A plate specimen was prepared using the same SHAp-100 and β-TCP(L) as used in Example 1 using a mold made of high-strength graphite shown in FIG. 7. As for the shape of the specimen, it had a size of 11 mm in width, 56 mm in length and 2 mm in thickness, and the respective powders were filled in a mold made of high-strength graphite with adjusting the amounts of the respective powders as shown in FIG. 8. The sintering conditions employed are shown in Table 4.

TABLE 4 Sintering conditions Filling pressure 10 [MPa] Heating rate 100 [° C./min] Sintering time 8 [min] Sintering temperature 800 [° C.] Cooling speed 100 [° C./min] Sintering pressure 44.6 [MPa]

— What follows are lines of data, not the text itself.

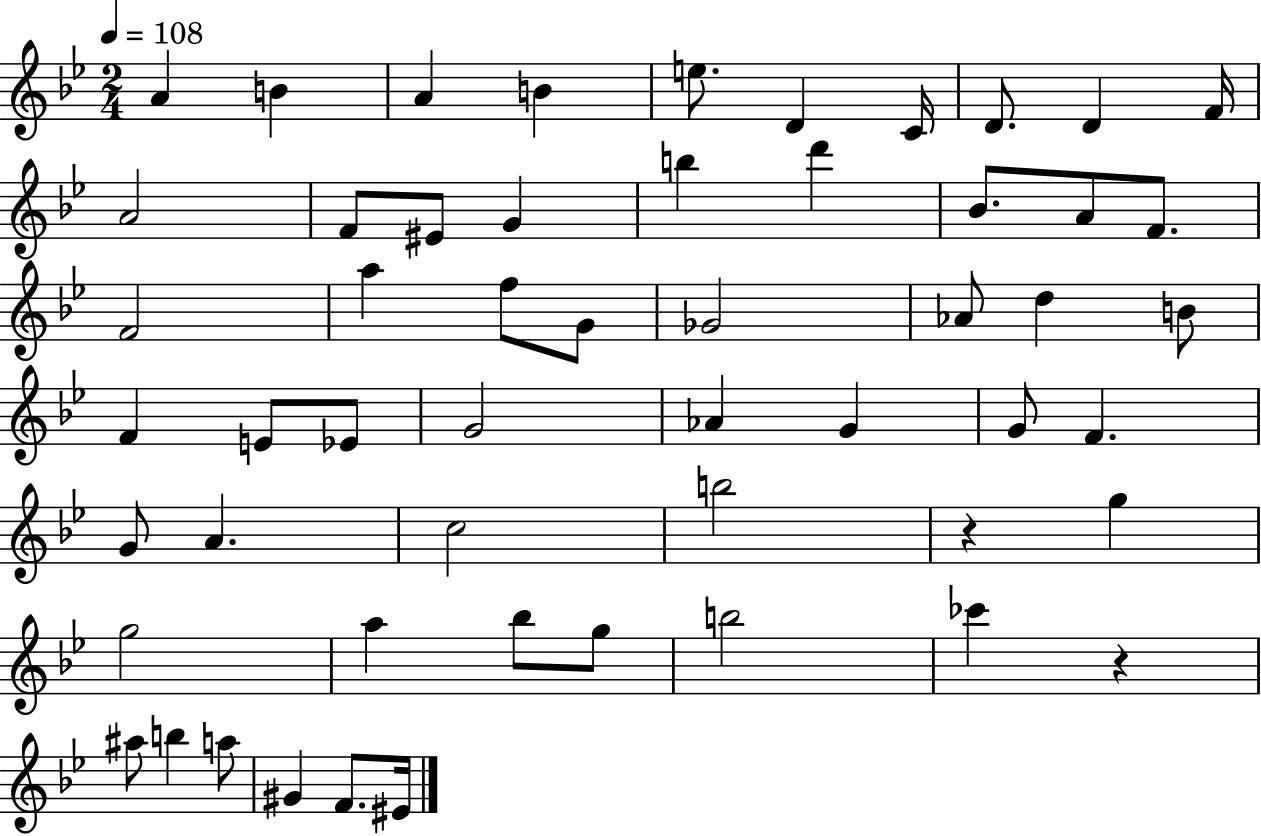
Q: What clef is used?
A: treble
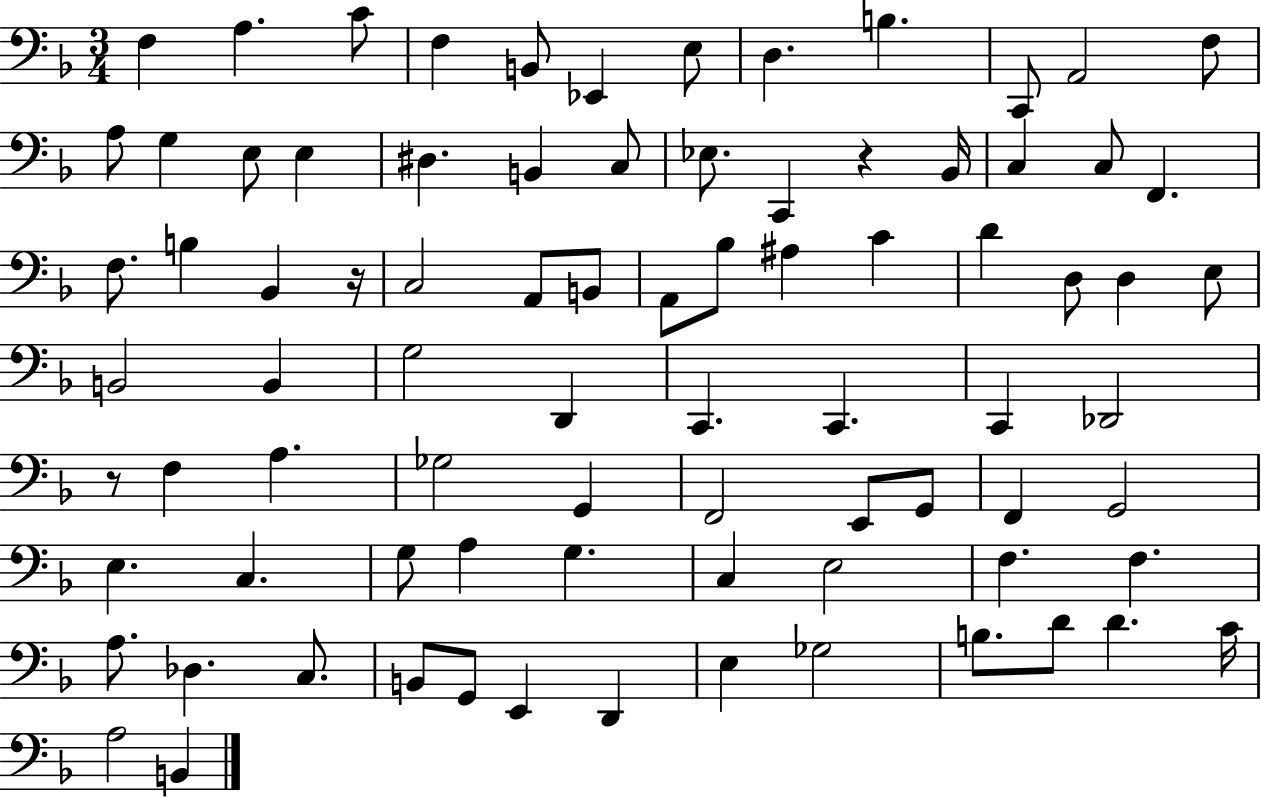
X:1
T:Untitled
M:3/4
L:1/4
K:F
F, A, C/2 F, B,,/2 _E,, E,/2 D, B, C,,/2 A,,2 F,/2 A,/2 G, E,/2 E, ^D, B,, C,/2 _E,/2 C,, z _B,,/4 C, C,/2 F,, F,/2 B, _B,, z/4 C,2 A,,/2 B,,/2 A,,/2 _B,/2 ^A, C D D,/2 D, E,/2 B,,2 B,, G,2 D,, C,, C,, C,, _D,,2 z/2 F, A, _G,2 G,, F,,2 E,,/2 G,,/2 F,, G,,2 E, C, G,/2 A, G, C, E,2 F, F, A,/2 _D, C,/2 B,,/2 G,,/2 E,, D,, E, _G,2 B,/2 D/2 D C/4 A,2 B,,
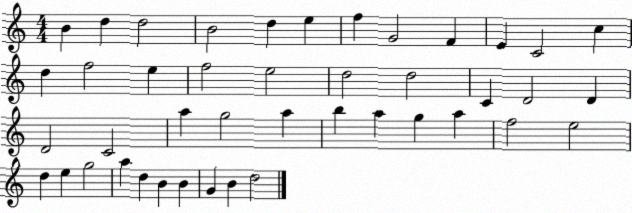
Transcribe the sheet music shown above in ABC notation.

X:1
T:Untitled
M:4/4
L:1/4
K:C
B d d2 B2 d e f G2 F E C2 c d f2 e f2 e2 d2 d2 C D2 D D2 C2 a g2 a b a g a f2 e2 d e g2 a d B B G B d2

The specimen obtained by sintering was subjected to bending strength test specified in JIS. The results obtained are shown in FIG. 9. In FIG. 9, the bending strengths of the first layer, second layer, third layer, fourth layer and fifth layer are those of the respective sintered layers. Furthermore, in FIG. 9, the gradient T side shows the result of the bending strength test carried out by applying the force to the first layer (the sintered body comprising only β-TCP(L)), and the gradient H side shows the result of the bending strength test carried out by applying the force to the fifth layer (the sintered body comprising only SHAp-100). As can be seen from the results of FIG. 9, the bending strength increased from that of the first layer toward that of the fifth layer except for the third layer as in the case of compression strength. Moreover, with reference to the bending strength of gradient material, the strength of the gradient T side was the same strength as that of the fourth layer. Further, the strength of the gradient H side was nearly twice that of the first layer. Thus, bending strength was improved in the case of being made into gradient material.

(3) Young's Modulus Test

Young's modulus of the specimen used in the bending strength test was measured. The results obtained are shown in FIG. 10. As can be seen from the results of FIG. 10, all of the layers except for the fifth layer (sintered body comprising only SHAp-100) had nearly the same Young's modulus.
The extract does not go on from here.